American Spinal Injury Association Impairment Scale Motor Scores for the Left and Right Lower Extremities for Myotomes L2-S1 Before Training, After Session 42, After Session 74, and at the 1-Month Retention Test Following Completion of Traininga
0=total paralysis, 1=palpable or visible contraction, NT=not tested due to triggering of extensor synergy. L2=hip flexors (iliopsoas muscles), L3=knee extensors (quadriceps femoris muscles), L4=ankle dorsiflexors, L5=long toe extensors (extensor hallucis longus muscles), S1=ankle plantar flexors (gastrocnemius and soleus muscles). Maximum score for both lower extremities=50 (25/extremity). LEMS=Lower Extremity Motor Score.
Table 2.
Light Touch and Pinprick Tests for L1-S3 Dermatomes Before Training, After Session 42, After Session 74, and at 1-Month Retention Test Following Completion of Traininga
A modified score was used for light touch: a score of 1 indicated that the child correctly responded that light touch had occurred (including location), and a score of 0 indicated that the response was incorrect or that light touch perception was absent. For the pinprick test, a score of 1 indicated that the child correctly distinguished between dull and sharp sides of a pin, and a score of 0 indicated that child responded incorrectly and could not distinguish between dull and sharp sides of a pin. The child's ability to understand the scoring system and the reliability of his responses were first tested on his face. Maximum score for light touch or pinprick on each side=8.

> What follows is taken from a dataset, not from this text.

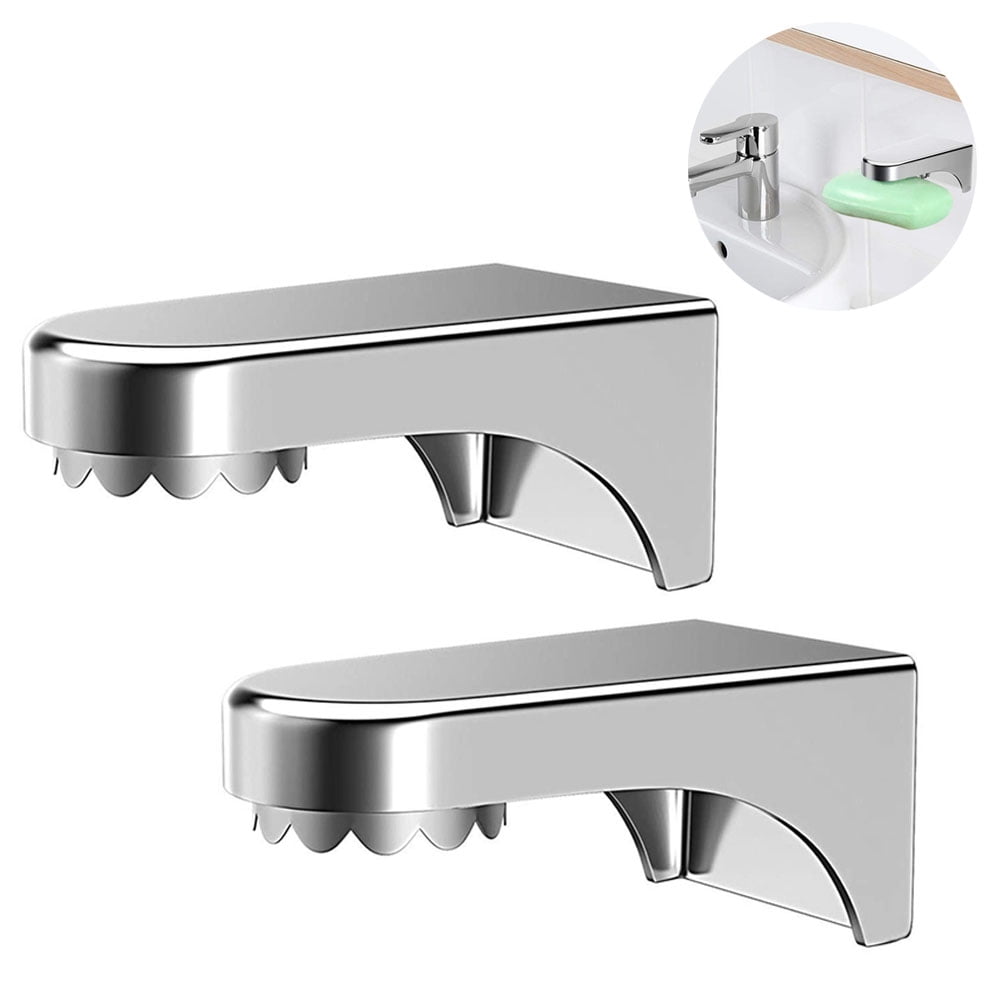 Wolpin Soap Stand Holder for Bathroom Kitchen Sink Magic Stickers Wall  Mounted (Pack of 1 Pc) Soap Dish Holder, Double Layer Random Color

At baseline and during LT, a positive Babinski sign was present bilaterally, indicating corticospinal tract damage. Using the Ashworth scale,20 passive resistance to knee flexion and ankle dorsiflexion was scored as 2 (marked increase in tone, but affected body part is easily flexed) and 1 (slight increase in tone, giving a “catch” when body part is moved), respectively, denoting extensor spasticity. Clonus also was present bilaterally, consistent with upper motor neuron damage. Adequate passive hip and knee extension and ankle dorsiflexion range of motion for standing and walking were present.
Locomotor Recovery
At baseline, the child was nonambulatory. He pulled his body across the floor using only his arms in the home (Fig. 1j; Supplemental Video), and he used a wheelchair for community mobility. He was unable to stand independently and required maximal assistance at the trunk and legs to stay upright. When put into a stepping environment (treadmill or over ground), he showed no contribution to stepping, and his legs had to be passively moved throughout the entire step cycle.
Focus on flexor activity initiates swing and first steps.

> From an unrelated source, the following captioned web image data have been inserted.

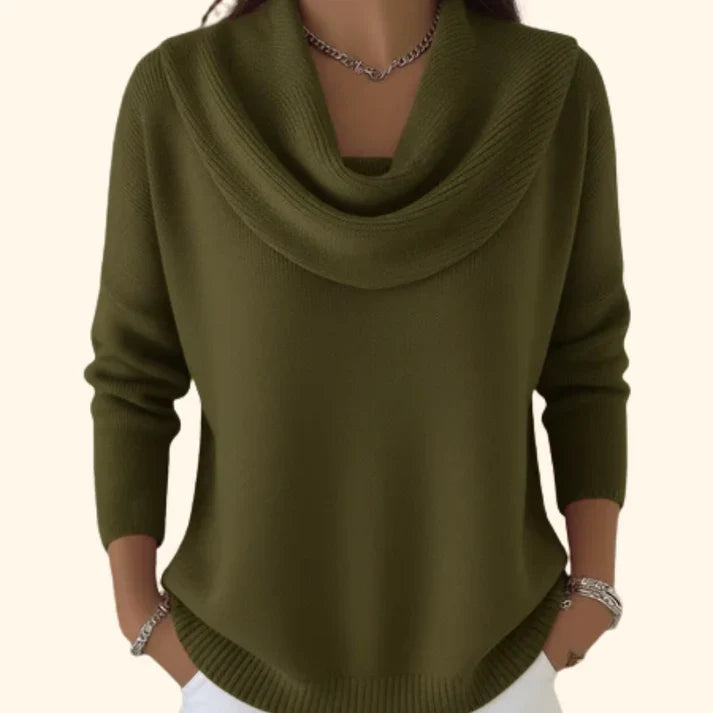 Julia | Jersey con cuello drapeado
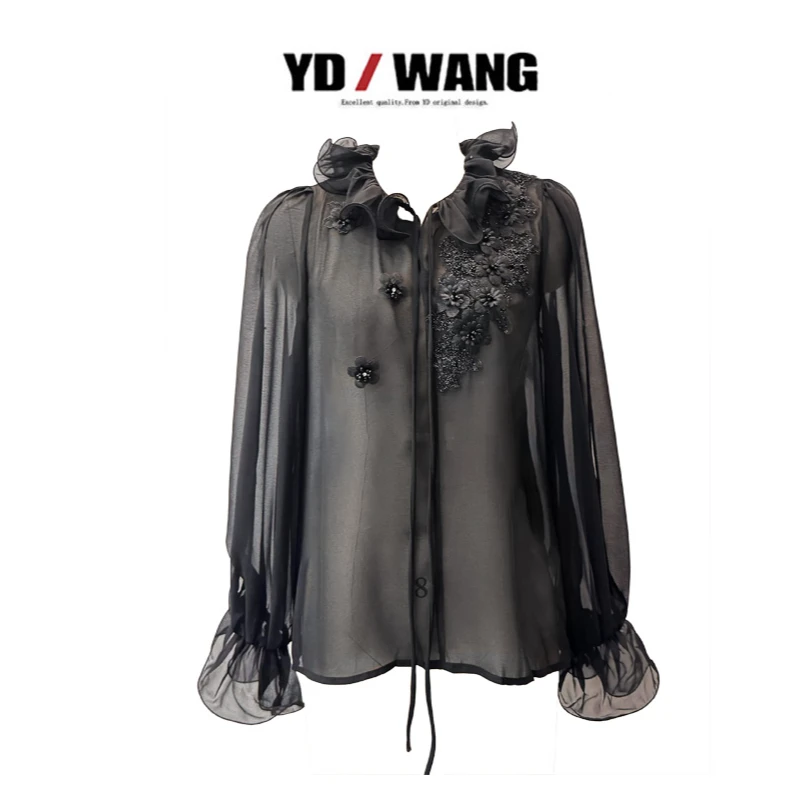 【YD精选】飘逸网纱微透衫  设计款时尚休闲小众气质女人味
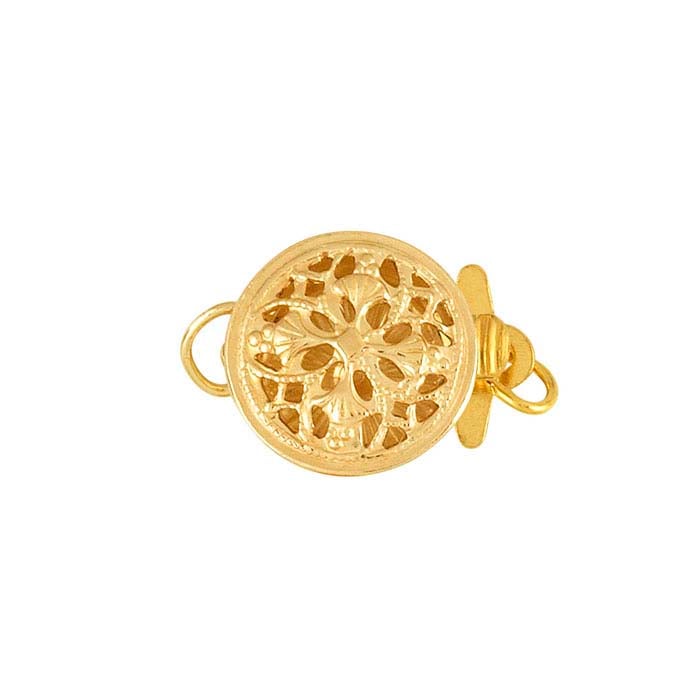 14/20 Yellow Gold-Filled Round Filigree Safety Clasp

The first 22 sessions of LT (ie, 5 sessions per week) had minor effects and led to only slight LE extensor activity during stance and improved shoulder alignment with the pelvis. At session 23, the intensity of the tibialis anterior tendon pressures given by the therapists was increased and cuing (pressure) of the hip flexor tendons was added, resulting in whole-limb flexion. These cues were timed to coincide with initiation of ipsilateral swing as the child's weight was shifted to the opposite limb. Repetitive steps on the treadmill and over ground were practiced with this additional cuing during weight transfer and transition from stance to swing (Supplemental Video).
Number and quality of step cycles.
After 6 sessions of intense cuing of the LE flexors, the child made his first active contribution to stepping (session 29, Fig. 2). Within a series of 14 trainer-cued steps over ground, 2 noncued steps occurred on the right. Specifically, following a cued left leg step, the right leg initiated swing and continued into stance without cuing to that limb. Four sessions later, the child initiated and completed 7 consecutive steps over ground with no cuing (Fig. 2, session 33). This appeared to be a critical point, as the next day he initiated 24 of 35 steps without cuing, and this number continued to rapidly rise through session 41 (Fig. 2). The decrease in the number of steps taken after session 41 reflects the time period videotaped rather than his overall capacity. His increasing skill after session 41, however, was reflected in the percentage of independently initiated steps exhibited over ground with the rolling walker, which increased rapidly and steadily from 69% at session 34 to 100% at session 76 (Fig. 2).
Figure 2.
Progression from wheelchair dependence to independent ambulation with a walker across the 76 sessions of locomotor training (LT) and at a 1-month retention test following completion of training: the total number of steps over ground per training session relative to the number of independent steps with a rolling walker. After treadmill-based LT sessions 1 through 9, no over-ground steps were attempted. Following treadmill-based LT sessions 10 through 29, the range in number of steps assisted over ground was 10 to 15. From session 23 to session 29, manual cueing of the tibialis anterior and iliopsoas muscles was intensified over ground, complementing the training on the treadmill. At session 29 and over ground, the first steps without direct cueing of the limb occurred (2/14 steps), although each step followed a contralaterally cued step. The decrease in the number of steps taken after session 41 and over ground reflects the period of videotaping rather than the child's overall capacity. His increasing skill after session 41, however, is reflected in the percentage of independently initiated steps exhibited over ground with the rolling walker, which increased rapidly and steadily from 69% at session 34 to 100% at session 76.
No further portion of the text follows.